DATASET SECTION –
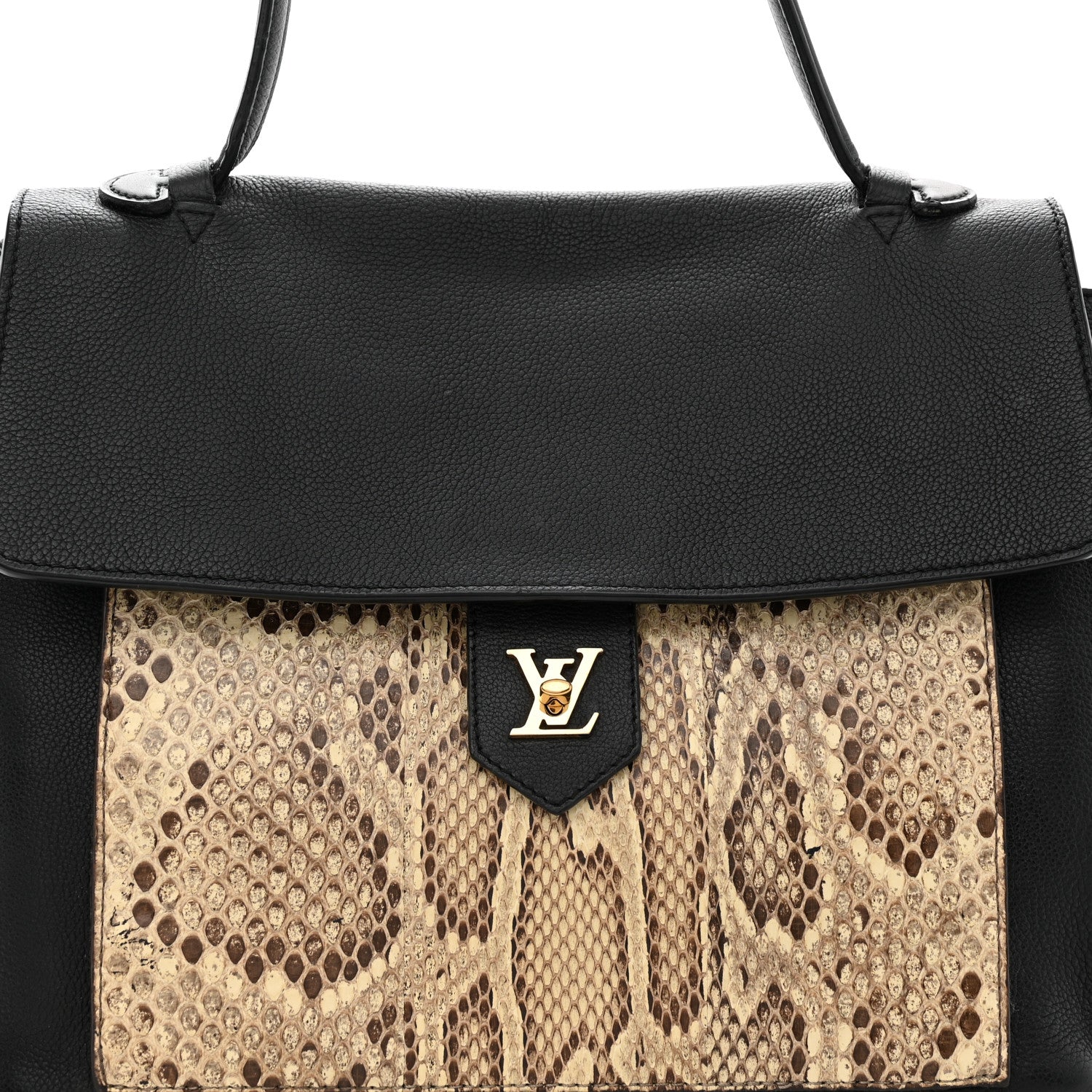 Louis Vuitton Calfskin Snakeskin Lockme MM Black 7 of 10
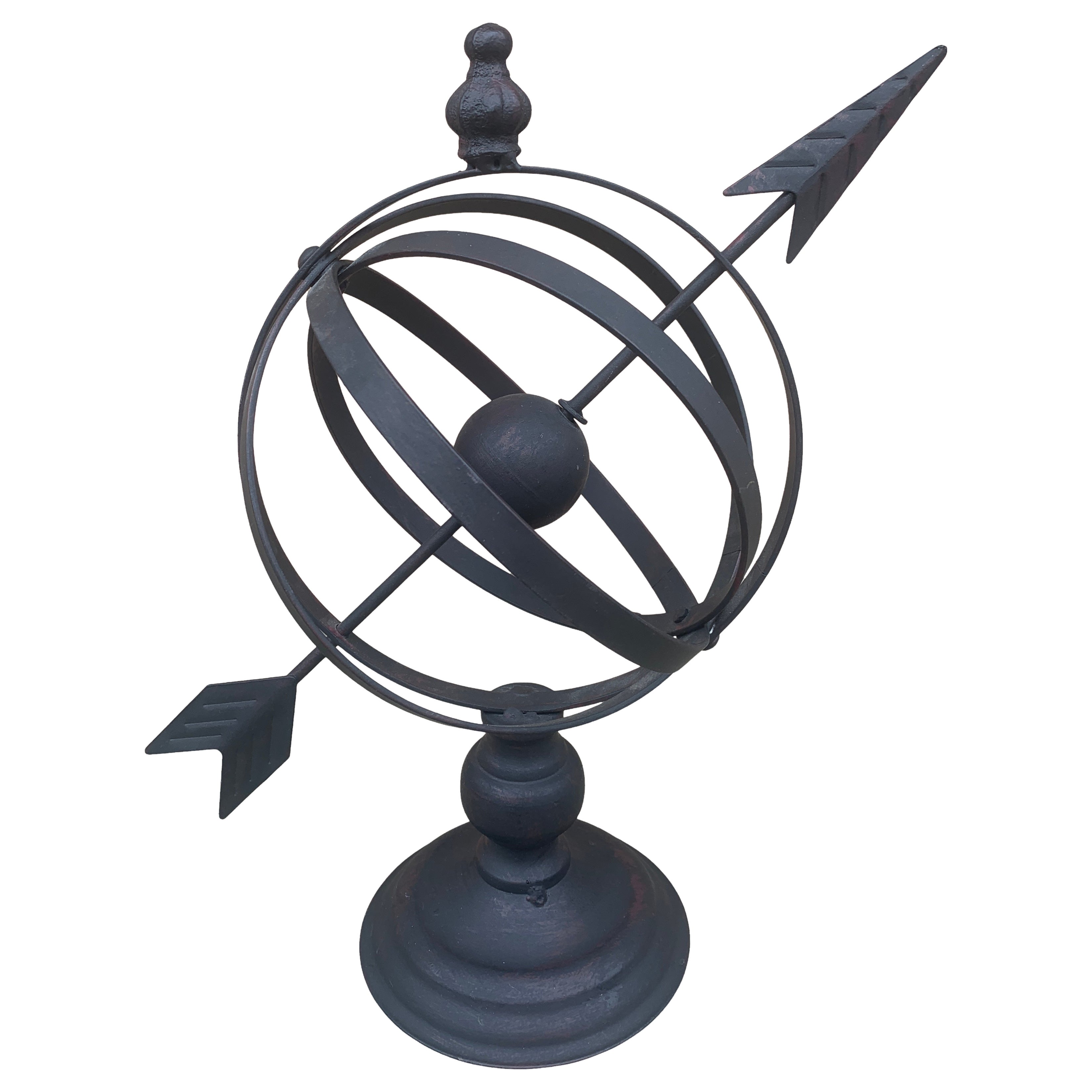 Vintage English Country Iron Black Garden Armillary Sundial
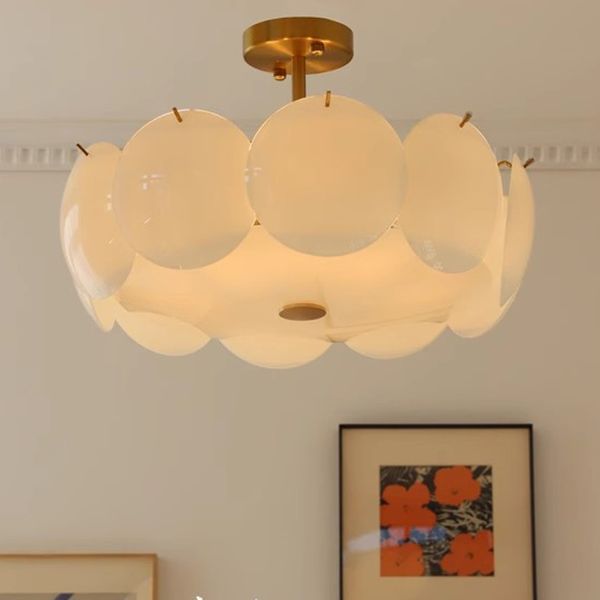 Lampade da soffitto a fiori bianchi cremosi Lampadari a soffitto romantici francesi Apparecchi di illuminazione Camera da letto moderna americana Soggiorno Sala da pranzo Decor Lustri Decorazione artistica per la casa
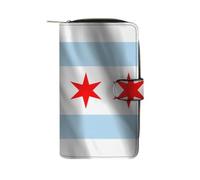 Flag of Chicago Leather Wallets Zipper 12 Card Slots Pouch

YOUR INSTRUCTIONS – Would you retype all the material above exactly, apart from its pictures?

SOLUTION BELOW –
 Louis Vuitton Calfskin Snakeskin Lockme MM Black 7 of 10
 Vintage English Country Iron Black Garden Armillary Sundial
 Lampade da soffitto a fiori bianchi cremosi Lampadari a soffitto romantici francesi Apparecchi di illuminazione Camera da letto moderna americana Soggiorno Sala da pranzo Decor Lustri Decorazione artistica per la casa
 Flag of Chicago Leather Wallets Zipper 12 Card Slots Pouch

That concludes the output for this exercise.